Extracted data entries
----
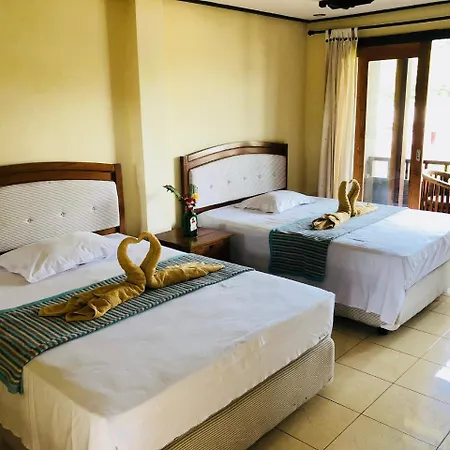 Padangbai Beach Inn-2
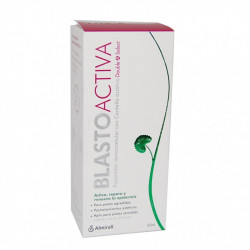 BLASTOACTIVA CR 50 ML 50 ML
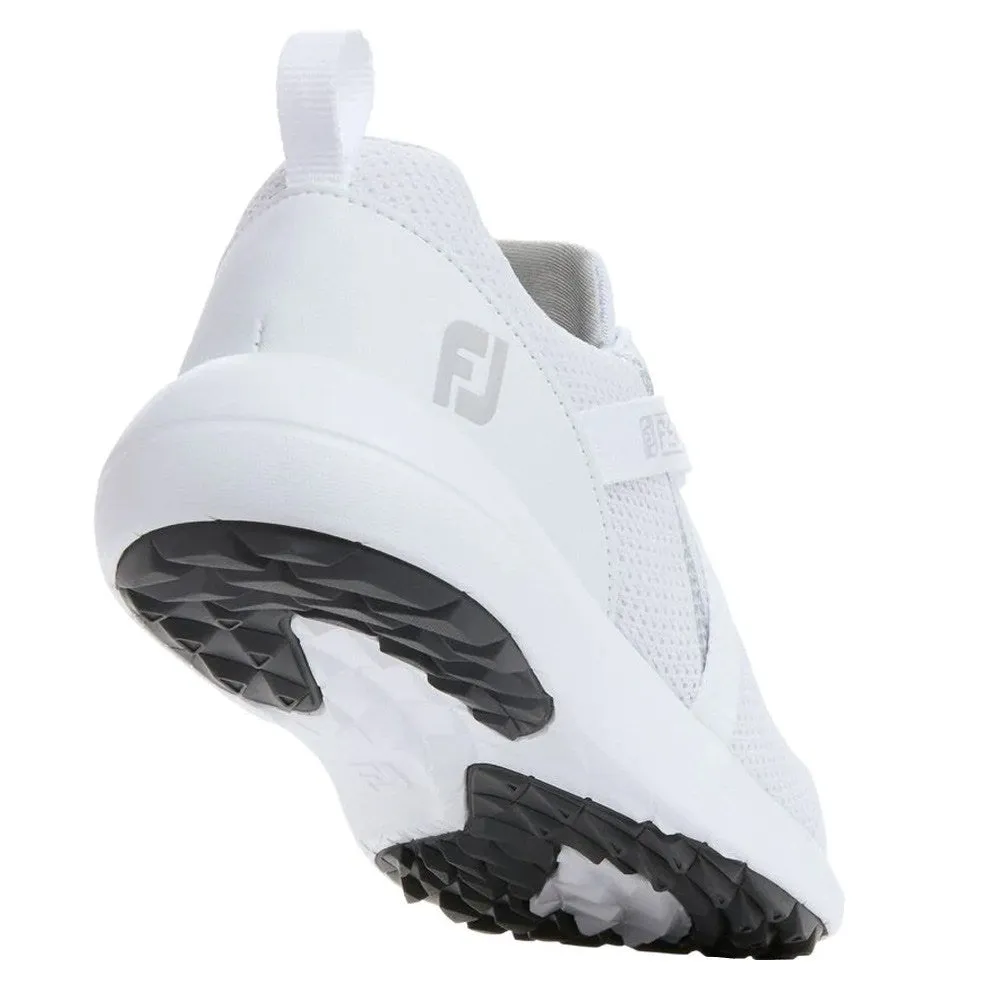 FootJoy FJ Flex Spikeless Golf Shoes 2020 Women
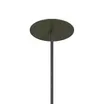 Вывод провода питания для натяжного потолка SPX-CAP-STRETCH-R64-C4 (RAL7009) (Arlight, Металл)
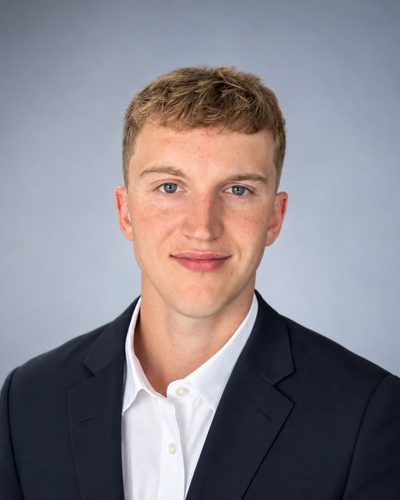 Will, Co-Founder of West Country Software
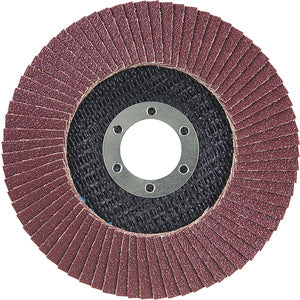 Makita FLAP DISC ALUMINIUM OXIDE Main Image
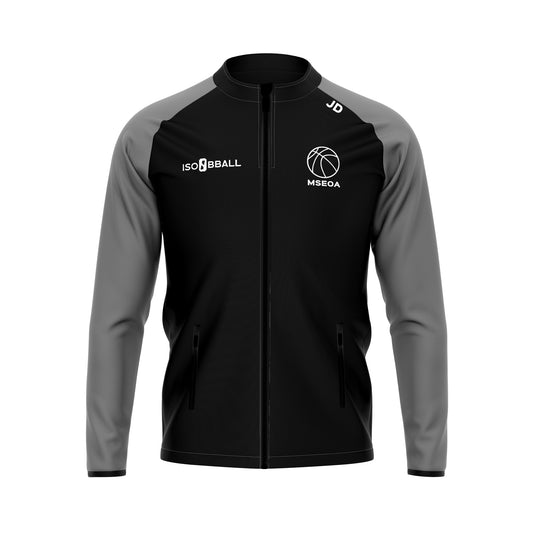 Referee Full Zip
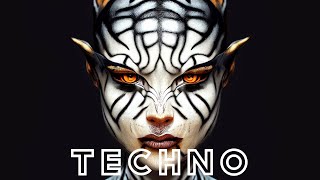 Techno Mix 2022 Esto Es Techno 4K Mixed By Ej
----
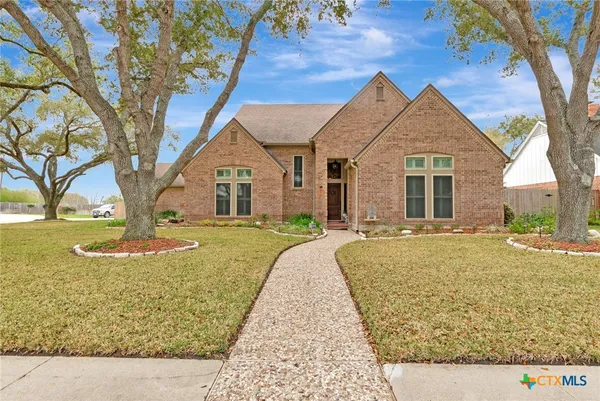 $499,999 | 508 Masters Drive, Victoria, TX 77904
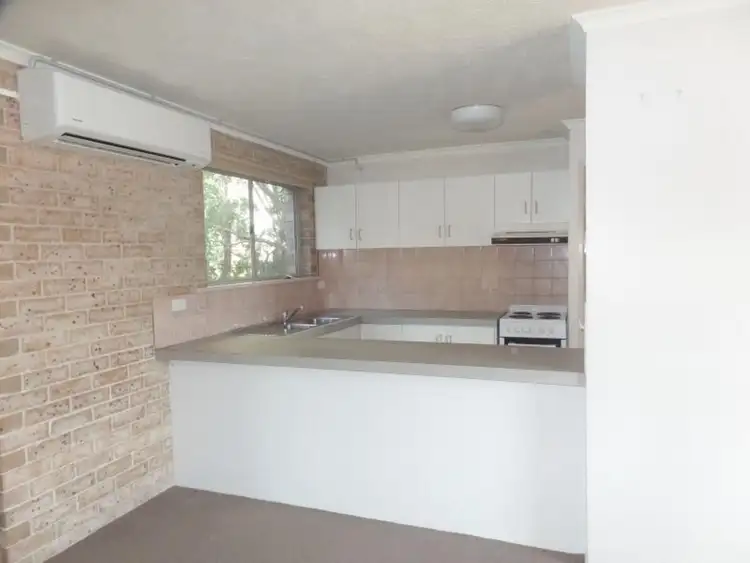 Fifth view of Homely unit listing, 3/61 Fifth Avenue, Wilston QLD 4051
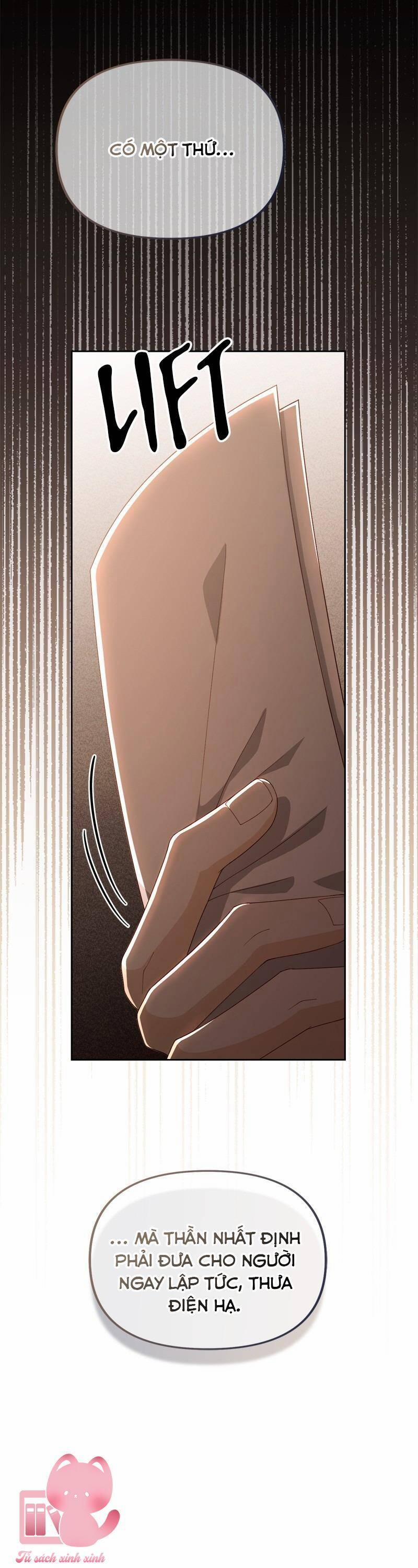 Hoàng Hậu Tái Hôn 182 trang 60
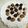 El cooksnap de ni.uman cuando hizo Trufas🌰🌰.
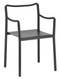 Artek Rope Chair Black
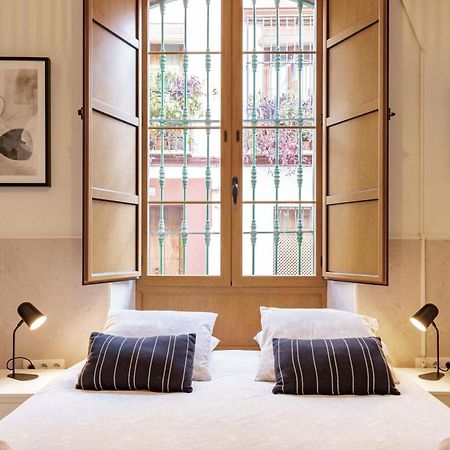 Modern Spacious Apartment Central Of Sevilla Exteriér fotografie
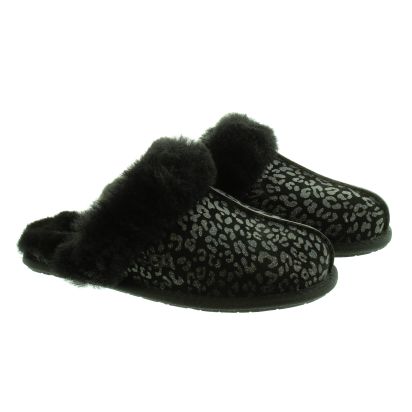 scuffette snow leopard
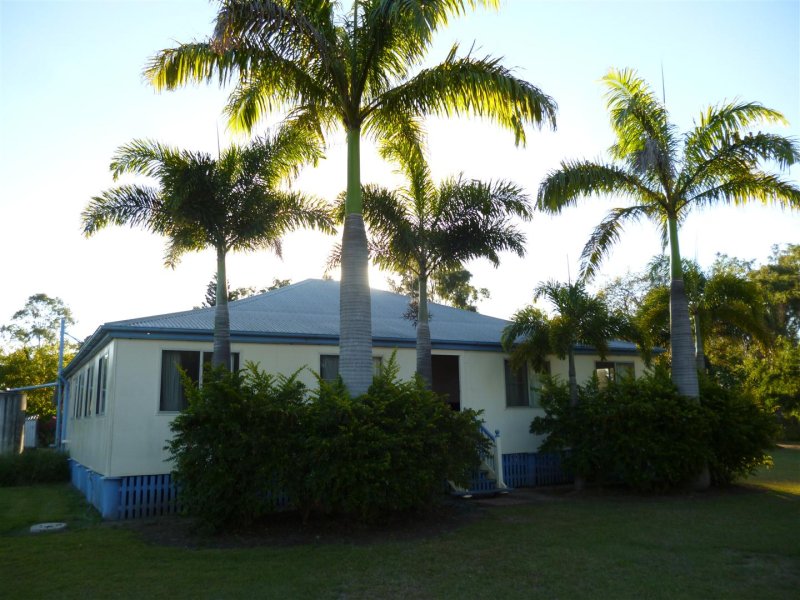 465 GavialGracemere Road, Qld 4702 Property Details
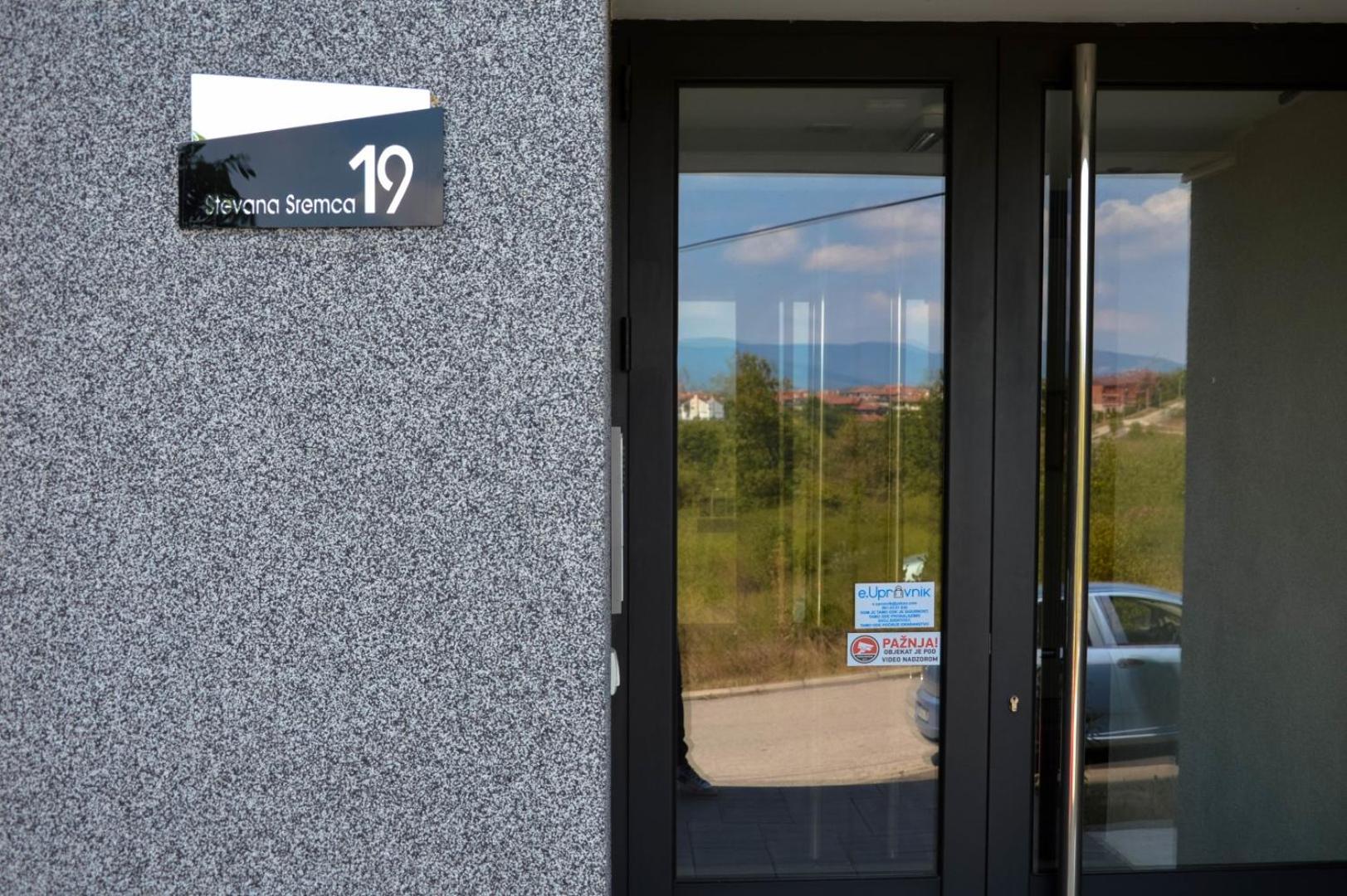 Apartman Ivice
----
**TASK DETAILS**
In the entries above, find the line containing "Padangbai Beach Inn-2" and the line containing "Techno Mix 2022", then copy both and every line between them exactly, without any picture.

**EXERCISE OUTPUT**
 Padangbai Beach Inn-2
 BLASTOACTIVA CR 50 ML 50 ML
 FootJoy FJ Flex Spikeless Golf Shoes 2020 Women
 Вывод провода питания для натяжного потолка SPX-CAP-STRETCH-R64-C4 (RAL7009) (Arlight, Металл)
 Will, Co-Founder of West Country Software
 Makita FLAP DISC ALUMINIUM OXIDE Main Image
 Referee Full Zip
 Techno Mix 2022 Esto Es Techno 4K Mixed By Ej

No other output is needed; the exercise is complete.